Task prompt -
Copy every record exactly, and keep the pictures out.

------ Material for the task

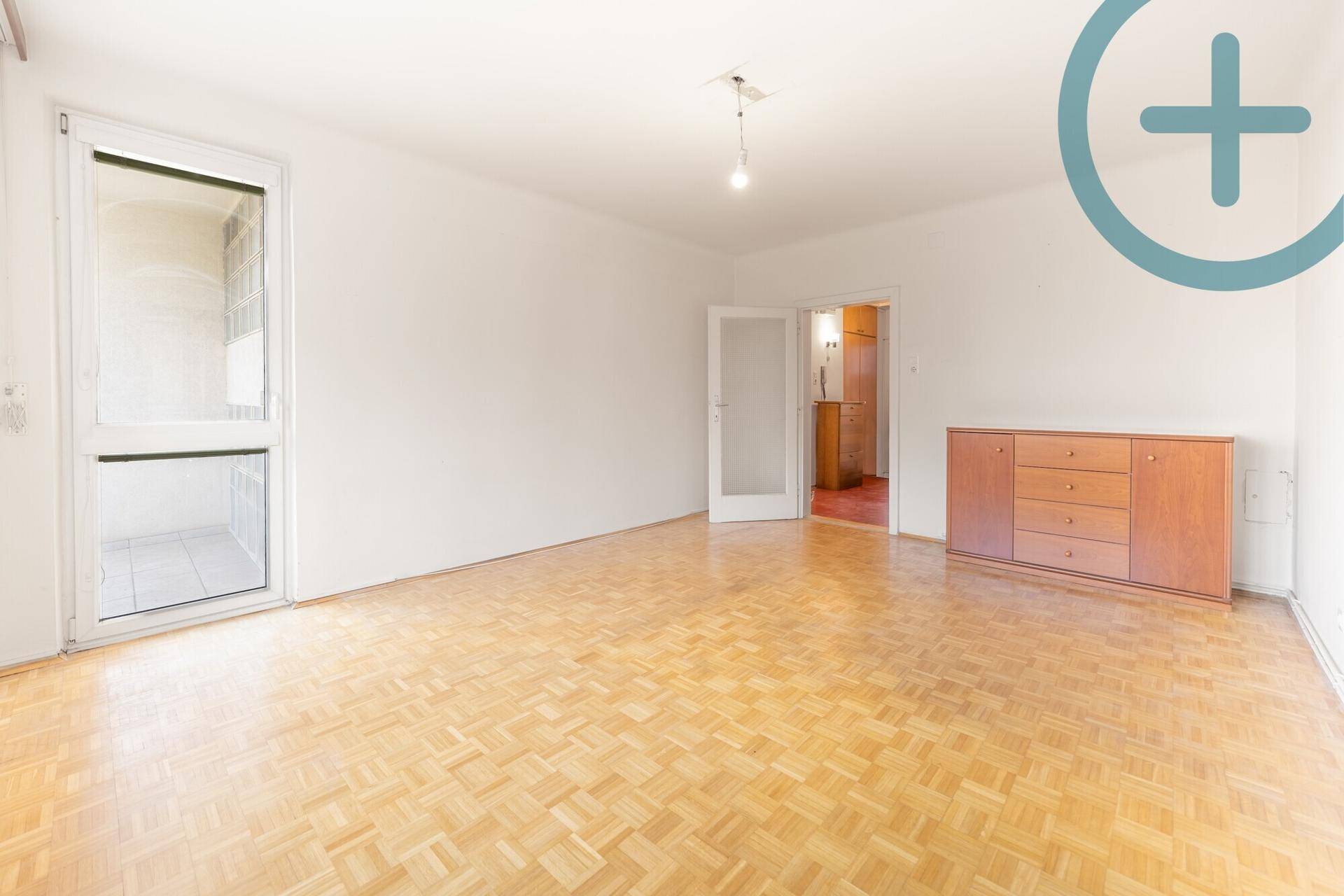 Geräumiges Wohnzimmer mit Fischgrätparkett, hellen Wänden und einem Holzschrank.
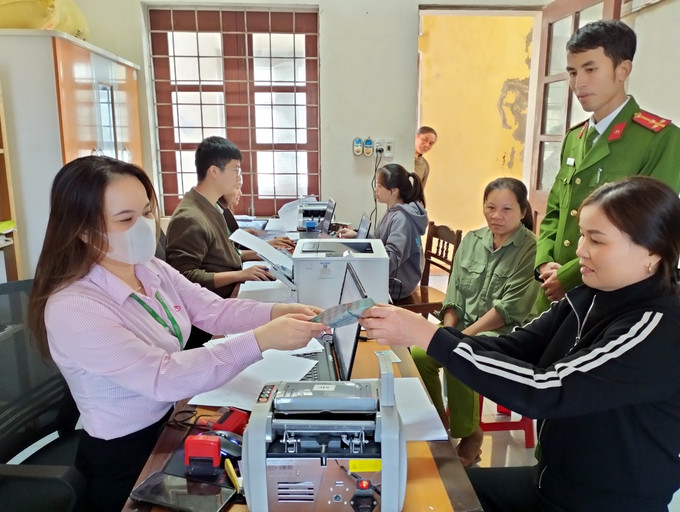 Người dân huyện miền núi Tuyên Hóa tiếp cận nguồn vốn Ngân hàng chính sách xã hội huyện. Ảnh: TTXVN phát Điểm tựa vững chắc cho hộ nghèo huyện Tuyên Hóa ảnh 1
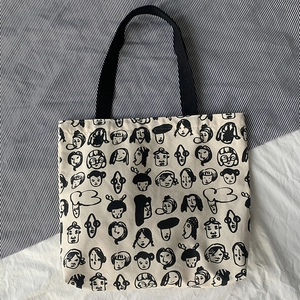 Close-up of beige canvas tote bag featuring minimalist black cartoon face print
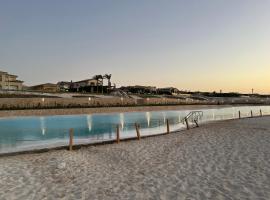 Townhouse Villa Marassi North Coast、エル・アラメインのホテル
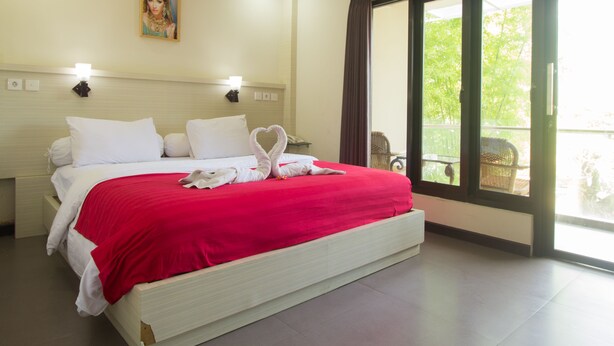 Une chambre d’hôtel avec un grand lit, une couverture rouge, des oreillers blancs, une serviette en forme de cœur, un tableau au mur et un balcon avec vue.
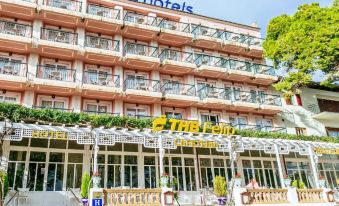 "a large hotel building with a sign that reads "" the real "" on the front of the building" at THB Felip - Adults Only
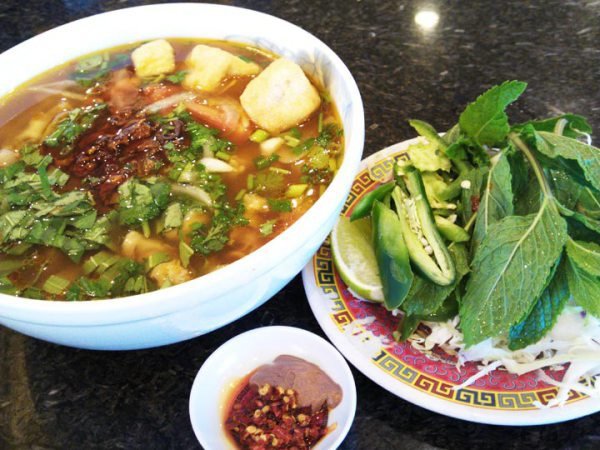Bun Rieu Oc - Crab tomato noodle soup with minced meat and periwinkle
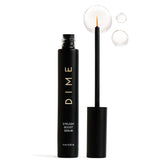 DIME Beauty eyelash boost serum bottle close-up for healthy lash nourishment.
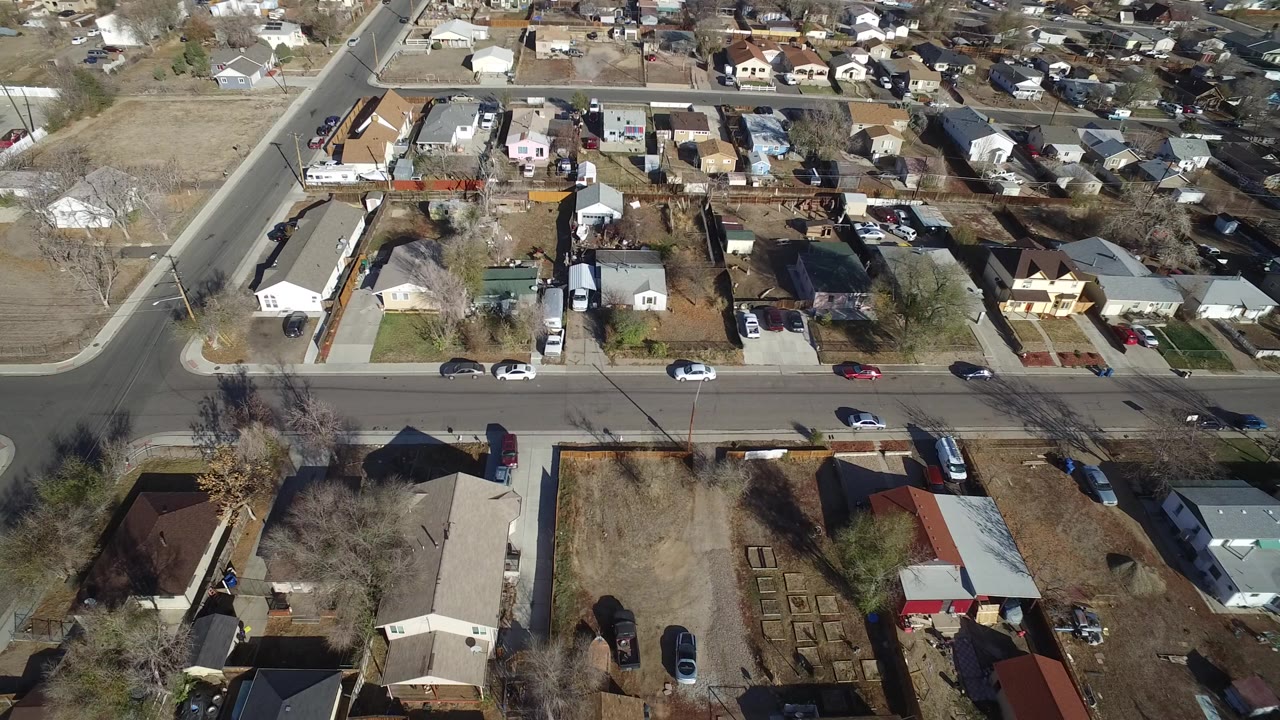 High aerial view over Westminster, Colorado homes, fenced yards, parked cars, and an intersection, with no visible people.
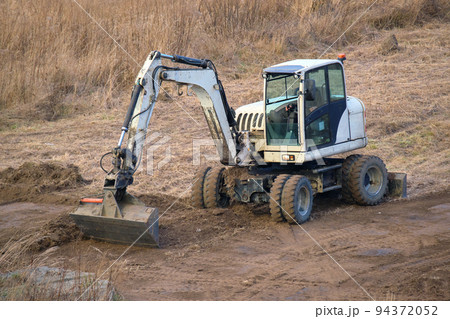 Earth moving tractor preparing place for future house foundation construction. Leveling soil for building new home 94372052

------------

Expected answer -
 Geräumiges Wohnzimmer mit Fischgrätparkett, hellen Wänden und einem Holzschrank.
 Người dân huyện miền núi Tuyên Hóa tiếp cận nguồn vốn Ngân hàng chính sách xã hội huyện. Ảnh: TTXVN phát Điểm tựa vững chắc cho hộ nghèo huyện Tuyên Hóa ảnh 1
 Close-up of beige canvas tote bag featuring minimalist black cartoon face print
 Townhouse Villa Marassi North Coast、エル・アラメインのホテル
 Une chambre d’hôtel avec un grand lit, une couverture rouge, des oreillers blancs, une serviette en forme de cœur, un tableau au mur et un balcon avec vue.
 "a large hotel building with a sign that reads "" the real "" on the front of the building" at THB Felip - Adults Only
Bun Rieu Oc - Crab tomato noodle soup with minced meat and periwinkle
 DIME Beauty eyelash boost serum bottle close-up for healthy lash nourishment.
 High aerial view over Westminster, Colorado homes, fenced yards, parked cars, and an intersection, with no visible people.
 Earth moving tractor preparing place for future house foundation construction. Leveling soil for building new home 94372052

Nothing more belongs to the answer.